Foreword
ONE MORNING IN THE SUMMER OF 1991, I received an interesting phone call from a surgeon at the prestigious Cleveland Clinic in Ohio. He had read a recent New York Times story about our study on diet, lifestyle, and health in China and was interested in our preliminary findings. He invited me to speak at a conference that fall in Tucson, Arizona. His ambitious title for the meeting: “The First National Conference on the Elimination of Coronary Artery Disease.”
That, in itself, was intriguing enough to persuade me to accept. But I also was impressed by the fact that this Dr. Esselstyn had secured the participation of many well-known heart specialists, including Framingham Heart Study director William Castelli and Dr. Dean Ornish, who had recently gained considerable recognition for his work showing the possibility of reversing heart disease through changes in diet and lifestyle. This conference would be challenging, to say the least. In my own academic environment, it was startling enough at the time even to mention a tenuous association of diet and heart disease. But the elimination of coronary artery disease? This was a paradigm shift.
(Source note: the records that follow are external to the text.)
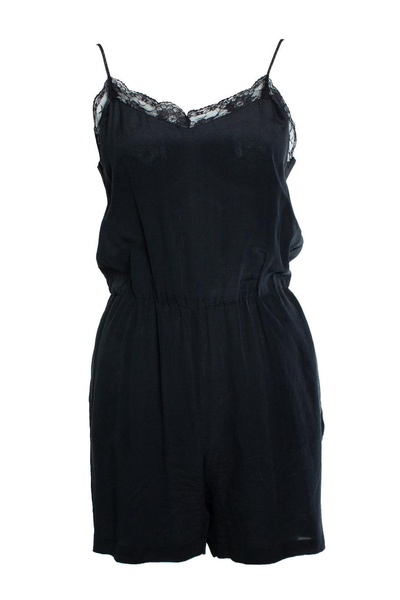 playsuit in black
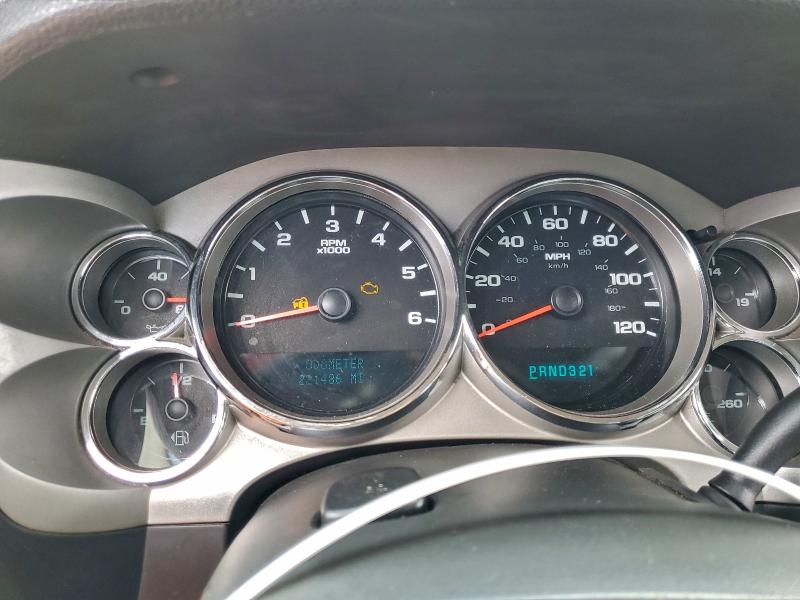 Photo 9 from auction – 2008 CHEVROLET SILVERADO with VIN 2GCEC13C681105814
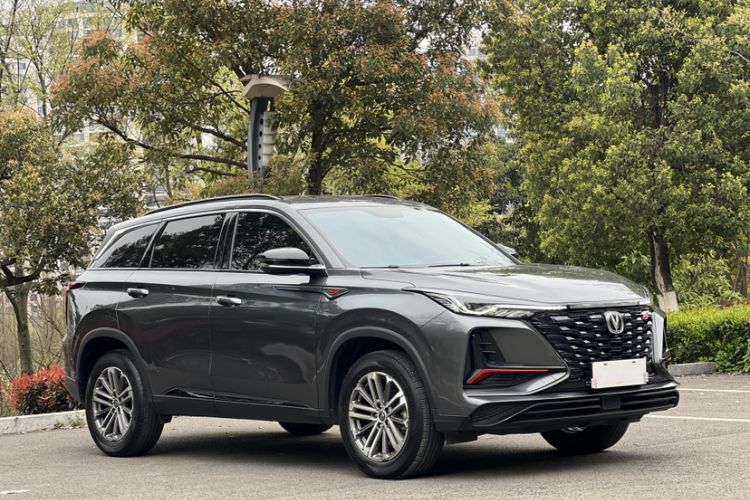 Used Changan CS75 PLUS 2022 1.5T Automatic Luxury Model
The conference was highly successful—and provocative. So was a subsequent meeting in Orlando, Florida, which Dr. Esselstyn organized in association with Michael Eisner, then chief executive officer of the Walt Disney Company.
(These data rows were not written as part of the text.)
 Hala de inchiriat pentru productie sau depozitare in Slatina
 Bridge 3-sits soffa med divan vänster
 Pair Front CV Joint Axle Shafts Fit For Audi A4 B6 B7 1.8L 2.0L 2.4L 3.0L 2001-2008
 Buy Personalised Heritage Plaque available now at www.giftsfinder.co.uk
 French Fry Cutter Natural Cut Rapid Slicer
Since those early days, my wife, Karen, and I have come to know well both Dr. Esselstyn—“Essy,” as his friends call him—and his energetic wife and colleague, Ann. I have often lectured with him on the same stage. And I have come to know his remarkable research and its findings, as well as its major implications.
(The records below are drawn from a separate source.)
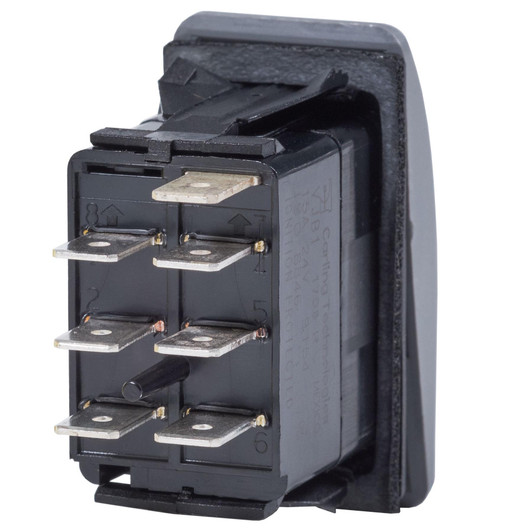 Blue Sea Systems 8220 Contura III DPDT Switch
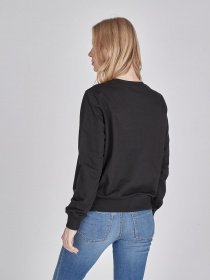 Світшот Piazza Italia модель 03418_black Фото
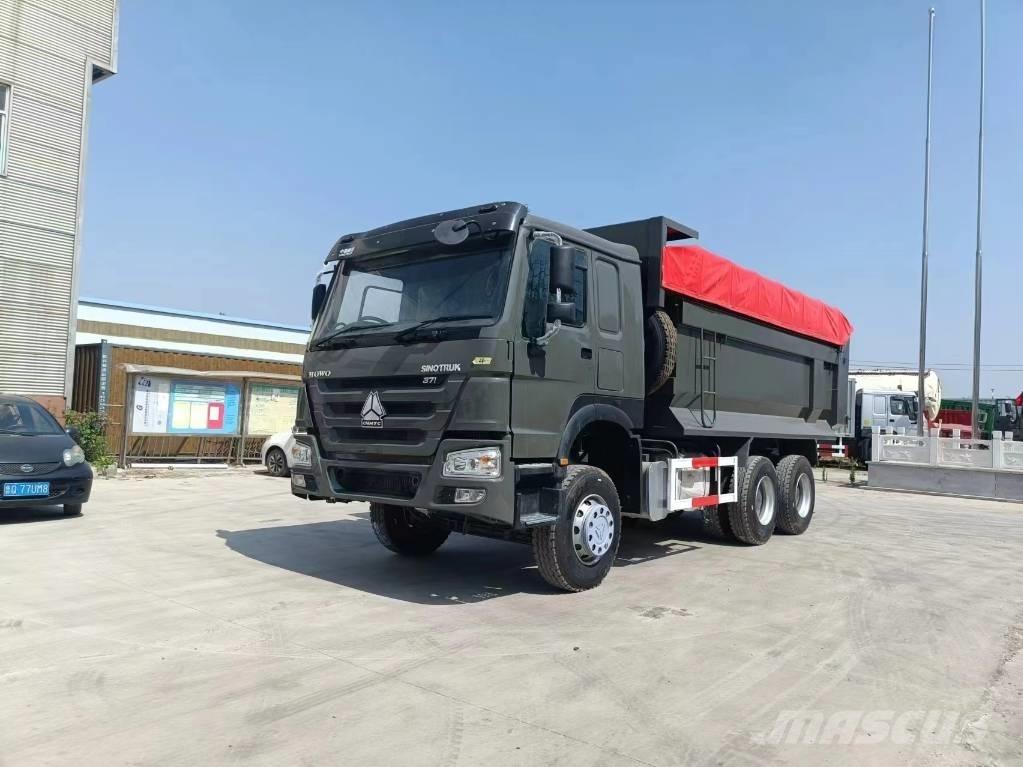 Howo 371 6x4 Damperli kamyonlar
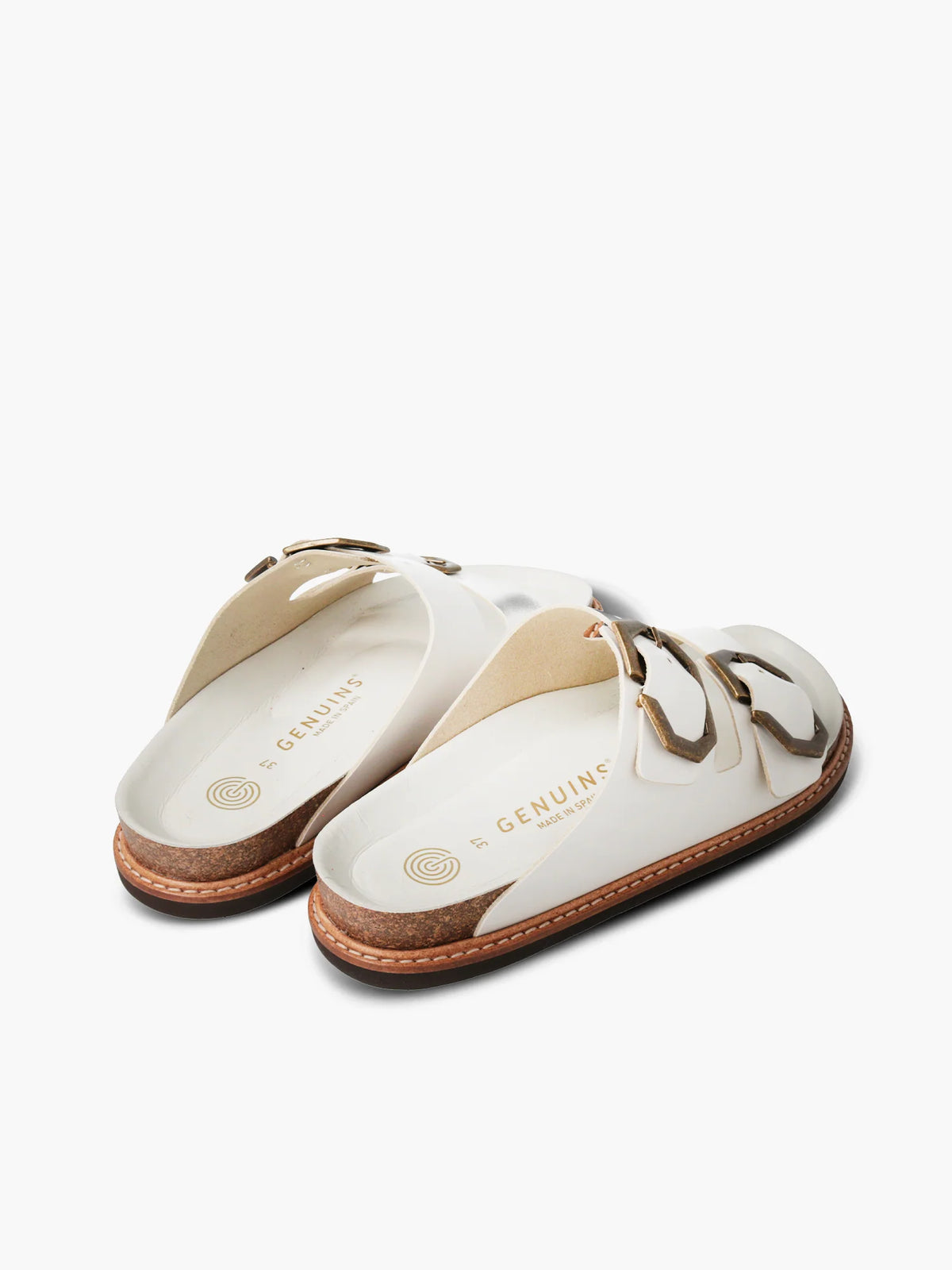 GALIA WHITE SANDAL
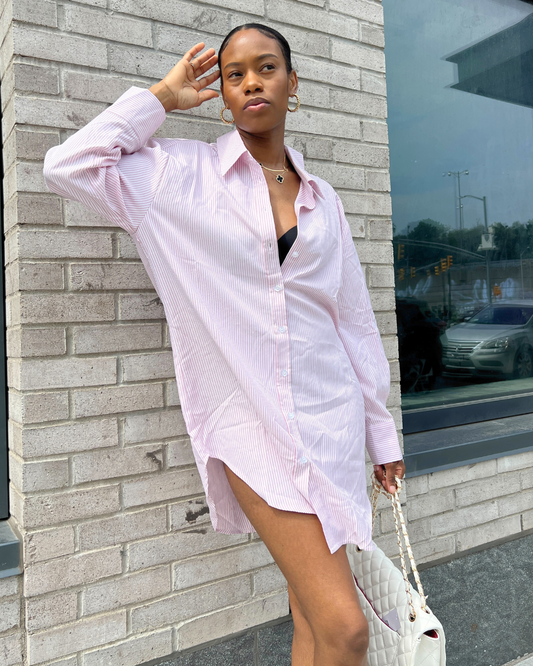 SHIRT DRESS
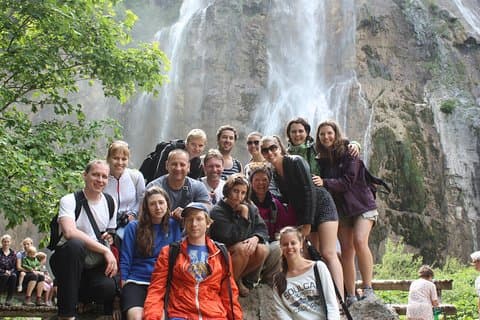 Visita de grupo aos Lagos de Plitvice a partir de Split ou Trogir (Incluso: Bilhete de Entrada)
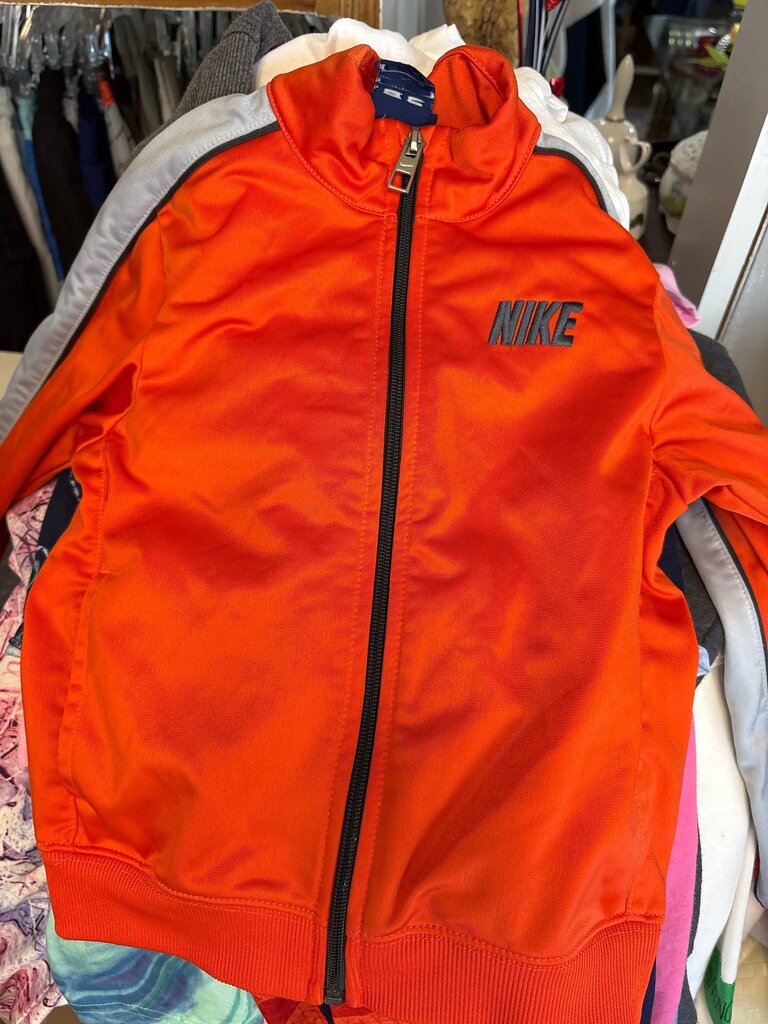 Nike Men's Orange Track Jacket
Dr. Esselstyn’s studies are among the most carefully conducted and relevant medical investigations undertaken during the past century. His goal—eliminating coronary disease entirely—may not be achievable during our lifetimes, but he has told us that it can be done and how it can be done. His determination to pursue this research and to teach the rest of us what he has learned, against formidable opposition in the medical establishment, is a testament to his personal and professional courage and integrity.
This book is a must read, both for ordinary people interested in health and for the dons of clinical and medical research institutions. People who ignore its message will do so at their own peril. There is no pharmaceutical wonder or medical trickery, either now or in the future, that can match these findings.